Beşiktaş'a bu büyük maçlarda ne oluyorsa, karşısındaki rakibe bir anda 'senenin en iyi futbolu'nu oynatıyor. Bursa maçı böyle oldu, Fener maçı hakeza, Galatasaray maçı da aynı oldu. Galatasaray bu kadro yapısı ile nasıl başarıp da bu kadar gerilerde hayretler içinde kalıyorum. Arda ve Kewell müthiş futbol oynadılar, Arda resmen İbo'ları sirkulase etti. Kewell'ın attığı gol çok güzeldi, kaçırdıkları da çok acemiceydi. Beşiktaş'a İnönü'nün muhteşem ortamı yaramıyor demek ki. Şu maçı kazanmak bu kadar zor olmamalı, Beşiktaş iyi oynamamasına rağmen maçı kazanmayı bildiyse, bunda maçı bırakmayan taraftar ve her zamanki gibi oyuncu değişiklikleri ile Mustafa Denizli çok etkilidir.

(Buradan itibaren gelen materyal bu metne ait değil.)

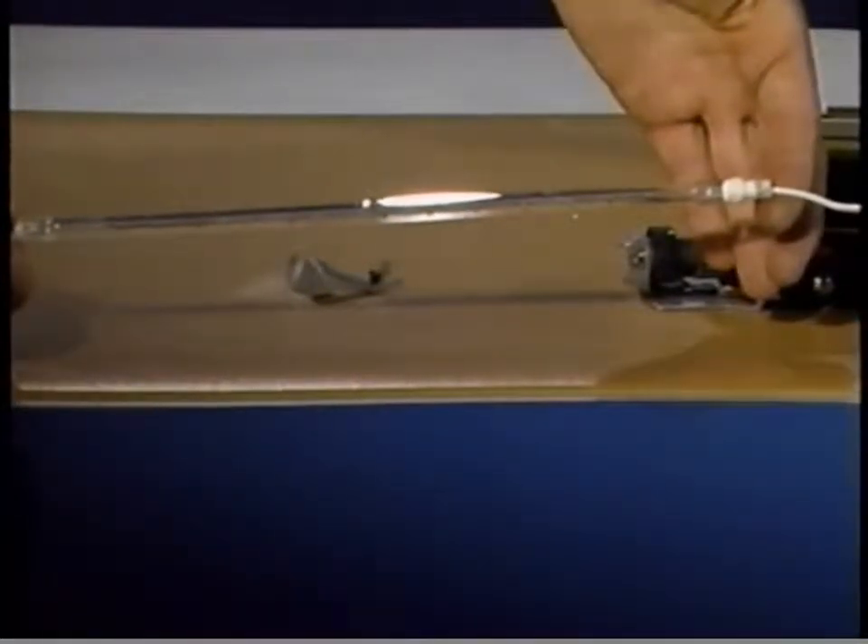This concludes the upper and lower units take-apart. Please stop the tape now and complete the practice exercises in your LaserWriter 2 take-apart module.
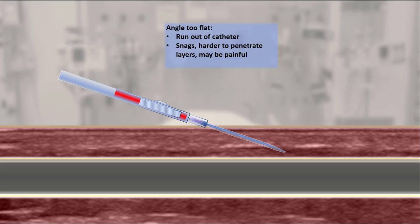If the angle of approach is too flat, too much of the catheter may end up in the extravascular tissues and less of it in the vein, increasing risk of dislodgement. Furthermore, this approach tends to be more painful. With an appropriate angle of approach, the catheter enters more smoothly, doesn't kink, and is easy to visualize. A minimum of the catheter resides outside of the vein.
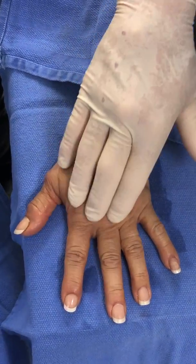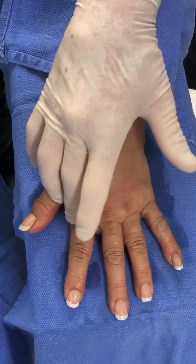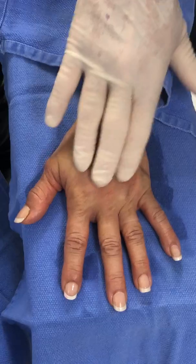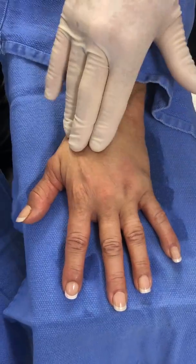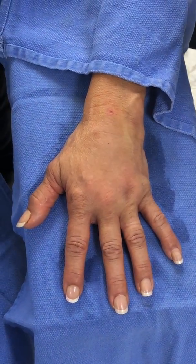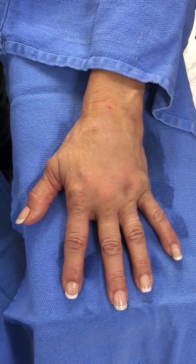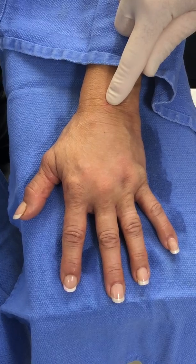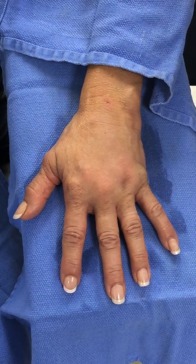We've distributed this — it's over the knuckle pads, which will actually rejuvenate the skin, and between the tendons. I'm confident that it's everywhere I want it to be. We'll put a Telfa Island dressing with some Aquaphor ointment and she'll be ready to go.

Beşiktaş Delgado'nun yokluğunda ( varlığı ile yokluğu bir olduğu için ben yokluğunu tercih ediyorum!) oyun kurucu görevini Tello'ya vermiş ve defansif bir kadro kurmuştu. Ama Tello bu ağırlığı taşıyamadığı gibi, oyun kurucu futbolcuya yakışmayacak şekilde bencil oynadı, ilk yarıda kaçırılan 2 pozisyon da Tello'nun bencilliği imzalıydı. Yine de büyük bir şans golüyle galibiyet golünü bulan Beşiktaş'ın 2. yarı rahatlayacağını düşünenler yanıldı. Zira herkesin beklediği Yusuf girmesiyle dinamizm getirecek sanılırken, ilk yarı solda oynayan Ekrem Dağ'ın sağa geçmesiyle 2 tane 35'lik yaşlı delikanlıya kaldı Beşiktaş'ın sol kanadı. Bu da Galatasaray'ın golünü getirdi, bu gol Yusuf'un Kewell'ı savunamaması ile geldi. Yine de Yusuf bu senenin Sergen'i olma yolunda emin adımlarla ilerlediğini attığı ustalık ve şans dolu golüyle ispatladı.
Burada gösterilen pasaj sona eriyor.